The Board stated that there are two different ice cream markets: the industrial ice cream market and the “scooping” ice-cream market. The most important difference between the two markets is that industrial ice cream is sold everywhere and scooping ice cream is only sold around the place where it is produced.

Considering that ice cream branded Algida is industrial ice cream, the Board determined the relevant product market to be the industrial ice cream market.
Relevant Geographic Market. A relevant geographic market means a market which comprises the area in which the firms concerned are involved in the supply of products or services, the conditions of competition are sufficiently homogeneous and can be disassociated from neighboring markets because competition conditions are perceivably different.

Given that Algida branded ice cream is sold all around Turkey, the Board determined the relevant geographic market to be all of Turkey.

Dominant Position Analysis

The dominant position analysis of the Board was based on one of its previous decisions from 2008 where it concluded that Unilever enjoys a dominant position, given its share of more than 40 % of the industrial ice cream market through its ice cream branded Algida[4].

The Board concluded that no important development has occurred since its 2008 decision and that Unilever is still in a dominant position in the industrial ice cream market.

Abuse of Dominant Position Analysis

The Board pointed out that refusal to sell products may be considered an abuse of dominant position within the scope of Article 6 of the Competition Act provided the three cumulative conditions explained above are fulfilled.
In light of the foregoing, the Board examined the first condition, the existence of an essential facility, and reached the conclusion that the ice cream branded Algida does not constitute an essential facility since there are several national and local industrial ice cream producers active in the relevant market creating an alternative for customers.

The Board, considering that the three conditions stated above should be cumulatively fulfilled, decided that Unilever’s refusal to sell ice cream branded Algida to certain points of sale did not constitute an abuse of dominant position.

Evaluation of the Board Decision

This Board decision is a relatively important decision since it determines the conditions under which the refusal to sell by an undertaking in dominant position constitutes an abuse of dominant position under Article 6 of the Competition Act.

However, the only reference made by the Board to the above-stated cumulative conditions in the decision without explaining their content may be criticized. Considering that Board decisions should enlighten business practice, their decisions should be more detailed in order to better guide the behavior of undertakings.

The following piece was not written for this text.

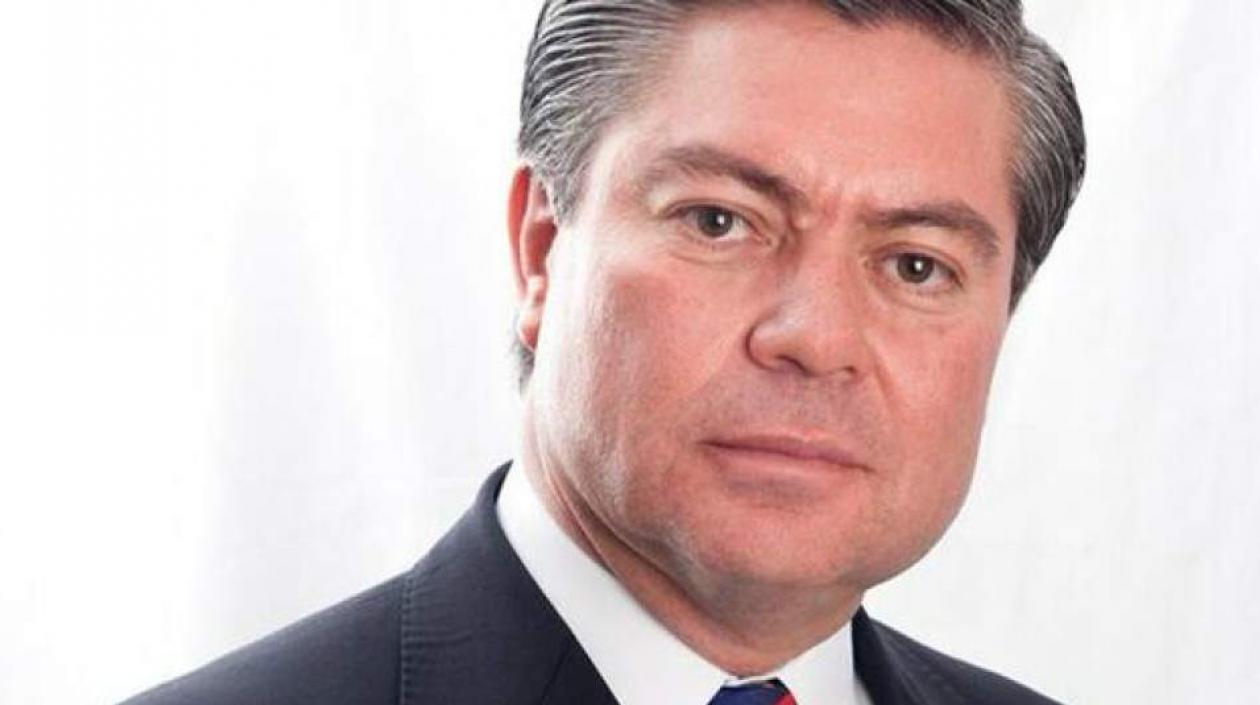 Mario Estrada, político guatemalteco capturado.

In addition to the above, the non-examination by the Board of the existence of the two other conditions because the first condition is not realized is another point to be criticized. Such an analysis would provide for more reliable information on the market conditions and would acknowledge the other players on the market about the Board’s perspective.

[1] To consult the Board decision, see the following link: (accessed on: 29.11.2012).
[2] See joint cases C-468/06 to C-478/06 of the Commission on the following link: (accessed on: 29.11.2012).
[3] See Board decision dated 16.05.2012 and numbered 12-26/767-220 on the following link: (accessed on: 29.11.2012).
[4] Board decision dated 15.05.2008 and numbered 08-33/421-147, (accessed on 04.12.2012).